La place ressemblait à un plateau de jeu. Le monde souriait.


Peuples de la nuit.

Les peuples de la nuit se déplaçaient sans bruit, sans laisser de traces. Leurs
yeux brillaient et les lieux qu'ils avaient traversés mettaient beaucoup plus longtemps à vieillir. C'étaient les humains qui les nommaient "le peuple de la nuit".
Mais leur pays était chatoyant, bordé de fils allongés qui traçaient une frontière
impossible à cartographier par les hommes, tant il aurait fallu de vies consécutives pour la mesurer. À cause de cette forme, les humains appelaient notre pays "La Méduse". Ils se signaient lorsqu'ils nous sentaient jouer autour d'eux et nous les gratifiions d'un bruit menaçant pour ne pas vexer leur peur, essentielle à leur vie.
Nous pensions que sans leur peur, les hommes seraient tombés en morceaux et nous les aimions bien.


Aller et venir.

L'un d'entre nous avait donc été désigné par Anna pour aller voir la mer, et c'était moi.
La Pologne du XVIeme siècle avait cet avantage qu'on pouvait en partir sans qu'aucune question ne soit posée.
On aurait disparu dans une brume un peu plus épaisse que d'habitude et voilà tout.


Les ancres.

Nous avions tous des ancres.
Elles traversaient les siècles et les pays, s'accrochant à des anecdotes, des
ombres et des soleils transmis, des façons de s'emméler et de se distinguer.
Nous avions tous des ancres et elles étaient parfois la seule brillance dans
la nuit, le seul poulpe éclairé autour de notre cou.


Là où commence le monde.

Et j'étais donc arrivé au bord de la mer.
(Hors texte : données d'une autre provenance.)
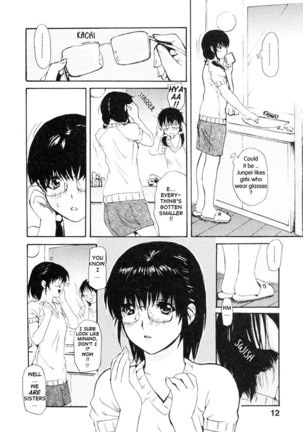 Tonari no Minano Sensei Vol 2 - Chapter 2 - Page 4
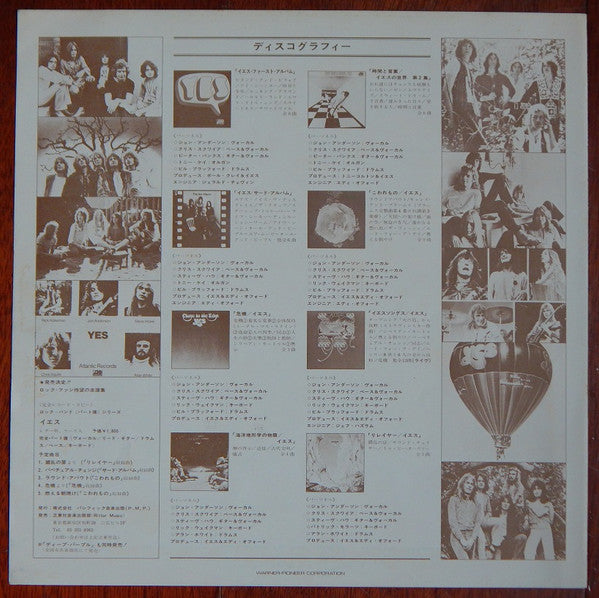 Yes - Relayer (Vinyl, LP, Album, Stereo)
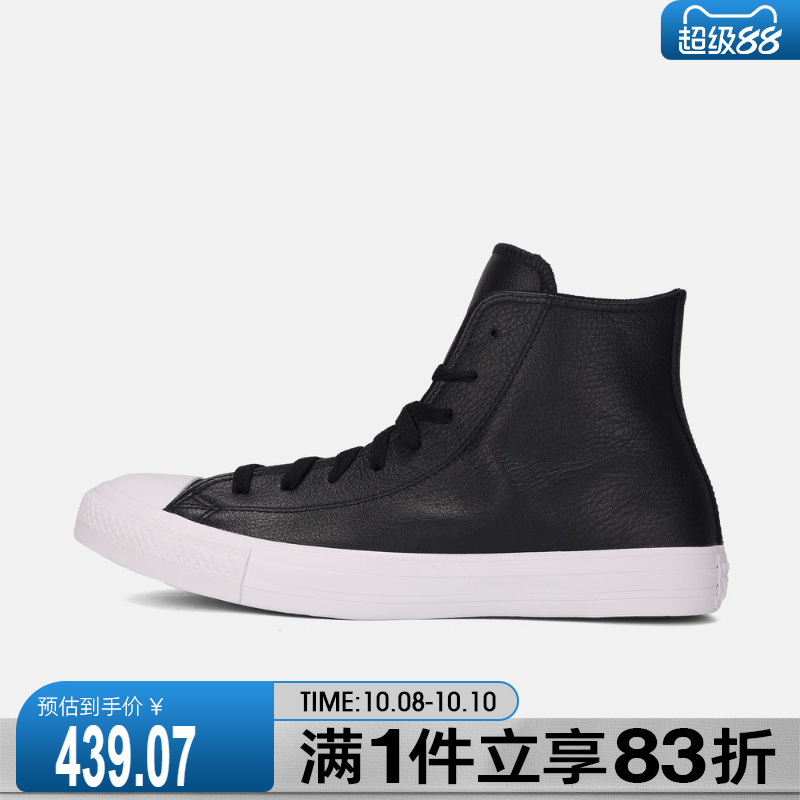 converse匡威男女鞋Chuck Taylor运动休闲帆布鞋A14611C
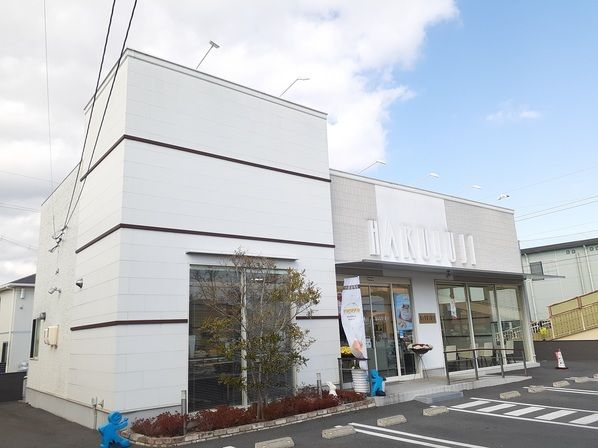 その他　白十字庭瀬店（その他）まで850m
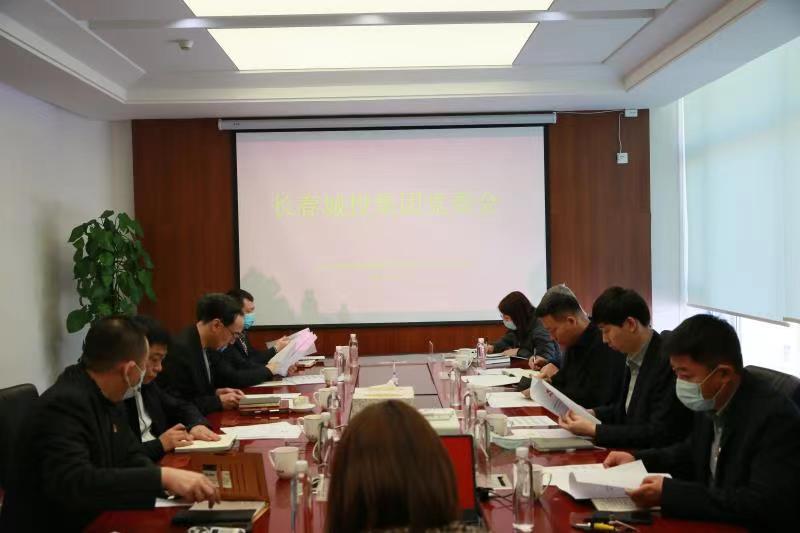 zoty中欧体育·(中国集团)官方网站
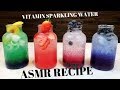 (No Music, No Talking) How to make Vitamin Sparkling Water ASMR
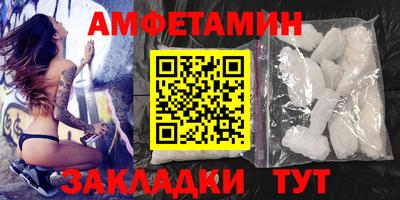 героин Первоуральск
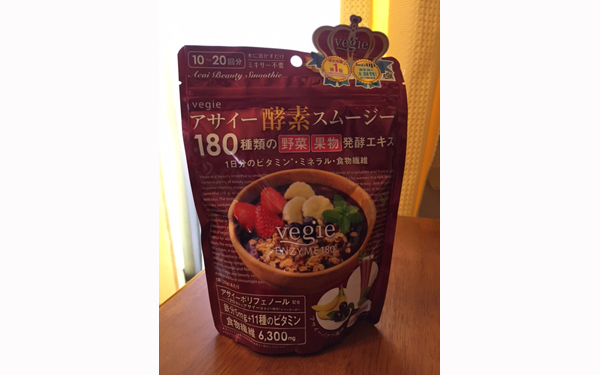 クラブミュージックでヨガ?!　話題のNYスタイルヨガでボディもメンタルも整える
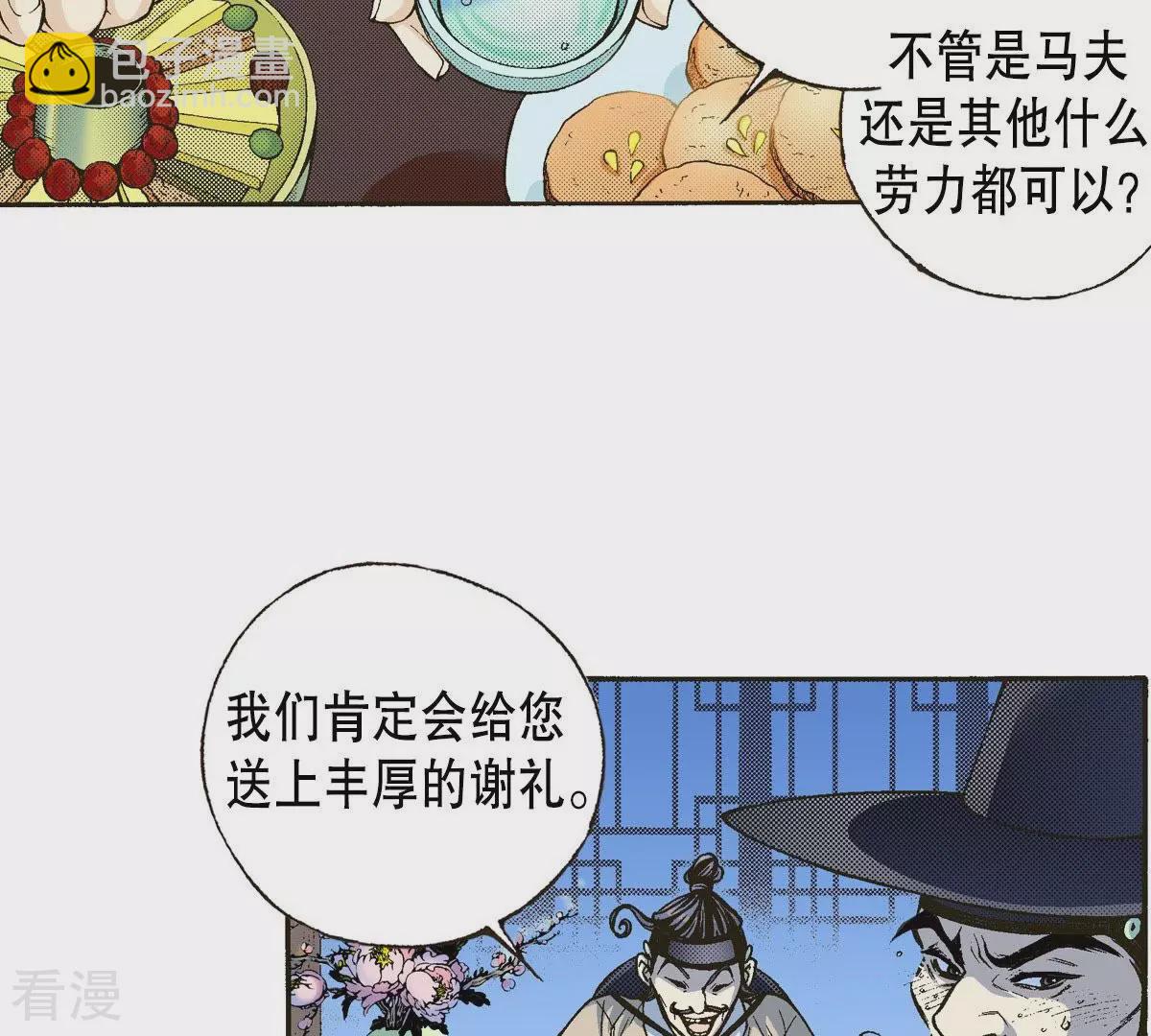 第10话 讨论讨论-第10话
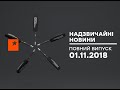 Чрезвычайные новости (ICTV) - 01.11.2018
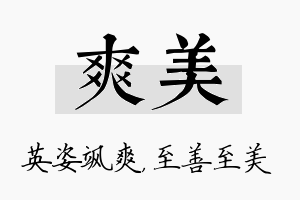 爽美名字的寓意及含义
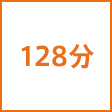 時間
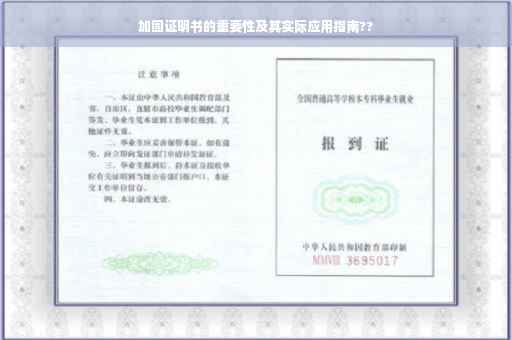 加固证明书的重要性及其实际应用指南??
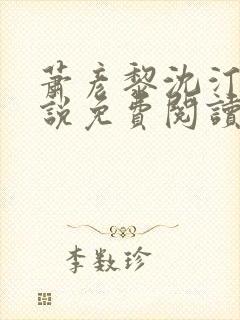 萧彦黎沈汀澜小说免费阅读最新章节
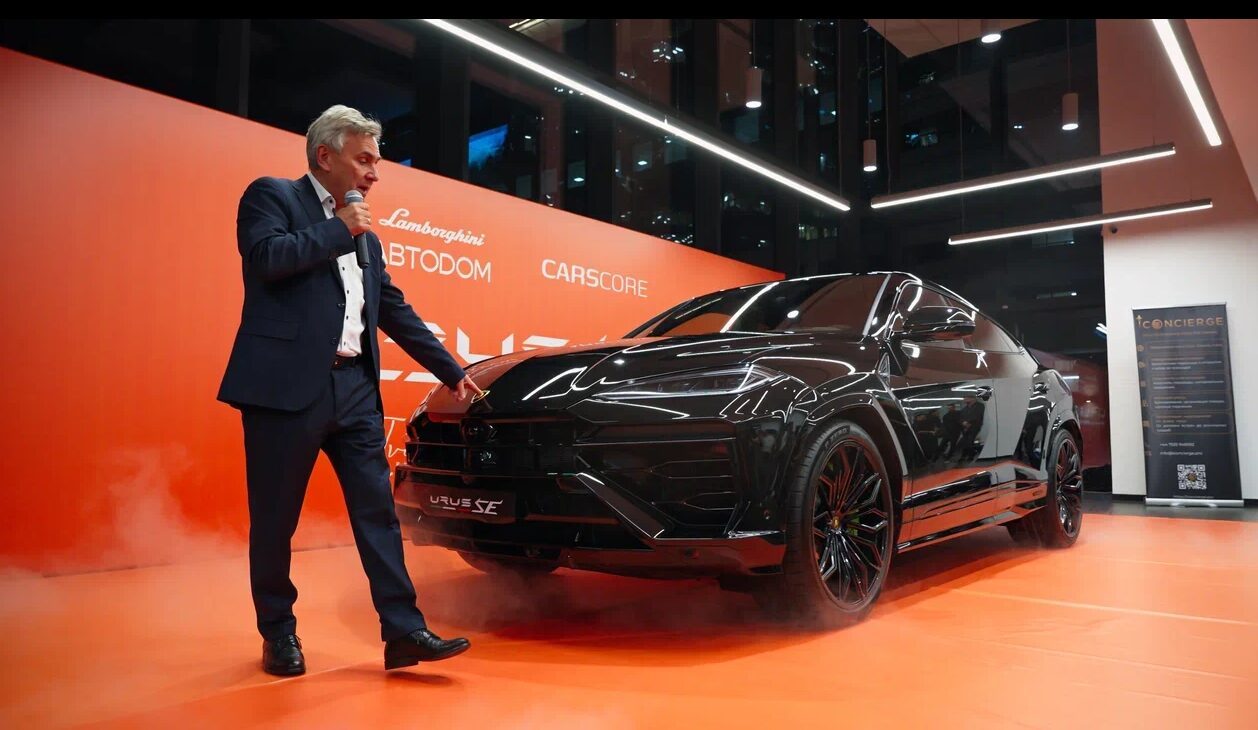 Lamborghini Urus SE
Je ne m'en étais pas aperçu tout de suite. J'aurais pu tout aussi bien me trouver encore dans l'éclat des yeux d'Anna au centre de la place de Cracovie. Elle prenait à certaines heures de la nuit, des allures d'île noire et tremblante, bordée de montagnes colorées, comme s'il n'y avait jamais eu de ville autour.
Mais non, c'était bien l'océan et sa rumeur fossile, c'était bien le pays noir qui pouvait prendre toutes les formes. Verre, villes, corps, tout était né d'une décision des eaux.


Vastes vases.

À cet endroit, toutes les lignes noires du monde convergeaient et pourtant, il naissait au centre de cet écheveau d'ombres, une lumière qui pouvait tout remplir à son tour.
C'est alors que je sus avec certitude que nous étions des liquides, des liquides versés dans l'espace et le temps, et que nous mettions une éternité à remplir
une forme qui nous était invisible et que nous serions bien plus tard. Un jour où l'eau serait devenue un corps solide à son tour.

L'océan sur la place.

Je sus également qu'Anna l'apprit exactement en même temps que moi et qu'heureuse d'avoir compris un des secrets du monde, elle resta longtemps sur la place de Cracovie à fermer les yeux de plaisir.